連載-18 もっと知りたい都立工芸の歩み
戦前の貴重な記録を今に伝える 『IA』と『工藝』は工芸学校の歴史遺産
○ 『IA』
IAとはインダストリアル・アートの略である。かつて築地校舎の講堂入口の上には「Industrial Arts School」と薄肉彫の彫金でつくられた額が掲げられていたという。 今は当たり前に使う英語かもしれないが「美術工芸」に対する「産業工芸」を立ち上げていかんとする新時代の響きがしたであろう。校友会(生徒会)は築地時代から『IA』の名前で機関誌を年1回発行していた。残念ながら、築地時代の『IA』は1冊も残っていない。写真は現存する水道橋時代のすべての表紙である。第23号は欠落。第31号の鉄カブトの横顔を引き伸ばした表紙デザインは原弘(1921年・P卒)である。なお、まぎらわしいが『IA』第33号は英語禁止となって『工藝』に変えられた。
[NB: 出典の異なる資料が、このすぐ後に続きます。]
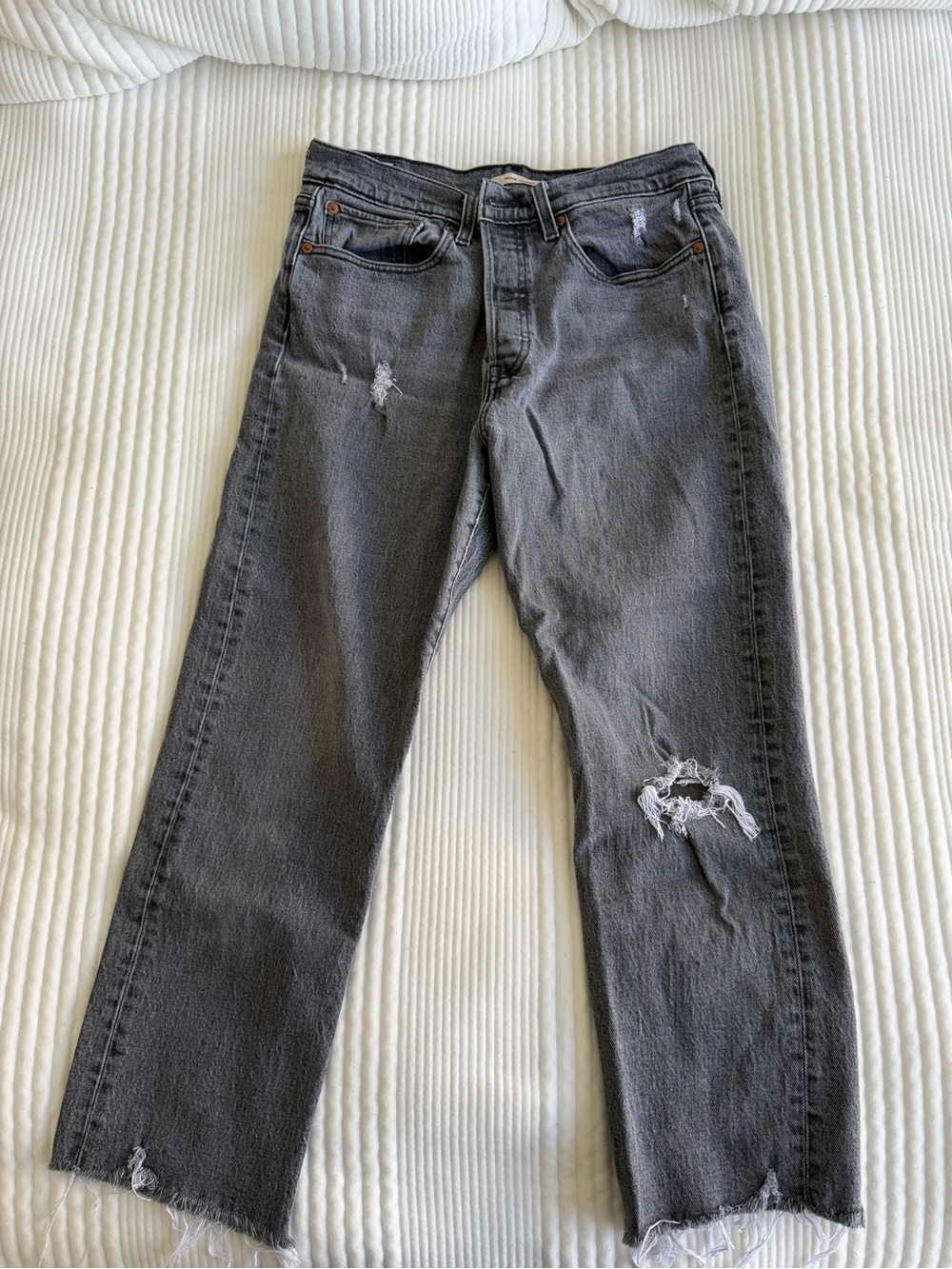 Women’s Charcoal Gray Levi’s Jeans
編集はもとより、表紙デザイン、本文レイアウトから印刷までをすべて生徒の手で行っている。内容は、論説・研究・文芸・各部報告などで構成され、先生も寄稿している。その中には戦地視察報告など歴史的に貴重なものもある。
○ 『工藝』
1937年(昭和12)に校友会(生徒会)は本科に第二・第三本科も合併したが、同年機関誌は逆に別れて、第二・第三本科の機関誌として『工藝』が創刊された。昼間働いて夜勉学をする第二・第三本科生は、本科生とちがう悩みをいだき、また社会の矛盾も知っていたので、純粋に勉学する本科生との共同編集には違和感もあったらしい。
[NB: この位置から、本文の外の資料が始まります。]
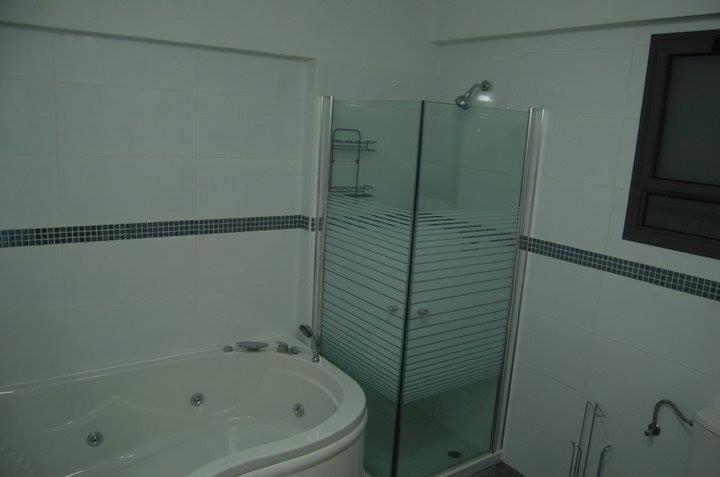 Villa Sharvit Hakesem à Livnim Extérieur photo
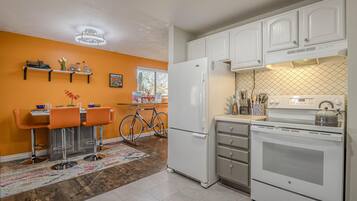 冰箱、微波炉、烤箱、炉灶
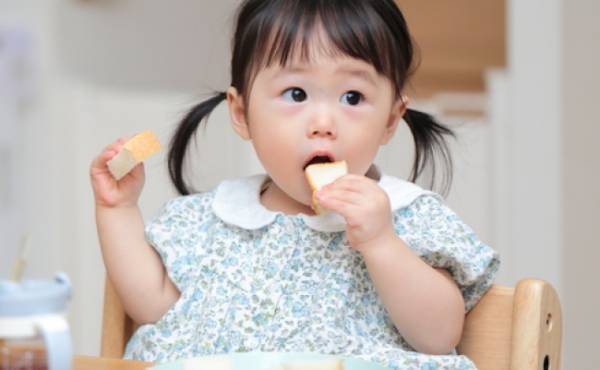 「おやつ＝お菓子じゃない！？」小児科医ママが明かす、子どもにNGなおやつ！選び方のポイントは？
1942年(昭和17)に第6号を発行したが、戦中はもう発行できる状態ではなかった。第7-8合併号が出たのは戦後の1947年(昭和22)。それが旧制時代の最後であった。写真は現存する旧制時代の4冊で、第2〜4号は入手できていない。
『IA』『工藝』共に戦前の記録としてきわめて貴重であり、同窓会の歴史的資料であるがすでに傷んでいる。
※ このコラムは「都立工芸100年の歩み」から文章を引用して再構成しています。